実際のワインはどうなのか?

訪問先が安曇野池田ヴィンヤードということもあって、この土地で育ったブドウを使った最新のワインを4種類、テイスティングさせてもらった。この4種類はそれぞれ使われているブドウ品種が違う。

今回テイスティングした4種のワイン。取材時は小雨がぱらつきだしたので、この写真は後ほどヴィンヤードから送ってもらったもの。これらのワインのように単一品種で造られたワインのことを「モノセパージュ」とか「ヴァラエタルワイン」とか呼び、複数品種をブレンドしたワインと区別する

最初はスパークリングワインで「安曇野池田シャルドネ ブラン・ド・ブラン<トラディショナル・メソッド> 2020」。呪文みたいに長い名前だけれど、冷涼地を好む白ワイン用ブドウの代表にして、高級スパークリングワインでも重宝されるシャルドネ100%。シャンパーニュやフランチャコルタのような世界的にもっとも高級な、つまりもっとも手間のかかる方法=トラディショナル・メソッドで造ったスパークリングワインだ。

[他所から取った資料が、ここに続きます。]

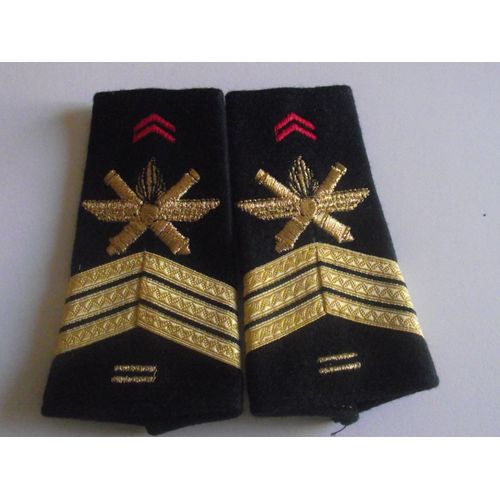 Fourreaux Neuf Grade Sergent-Chef 2 Brisques 402ème Ra Régiment D'artillerie Sol Air Armée De Terre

安曇野池田ヴィンヤード産ブドウでは初のスパークリングワインだそうなのだけれど、この前に北海道余市産のブドウで、同じトラディショナル・メソッド、さらにシャルドネよりも難易度が高いとされるピノ・ノワールというブドウでスパークリングワインを造っているからか、すでにこなれている印象。様々なブドウをブレンドして重層的に造るシャンパーニュというより、高品質なブドウの良さをストレートに表現するイタリアの高級スパークリングワイン、フランチャコルタのほうが性格としては近い。酸味よりも旨味を伴う苦味でフレッシュネスを表現するあたりはモダニティだ。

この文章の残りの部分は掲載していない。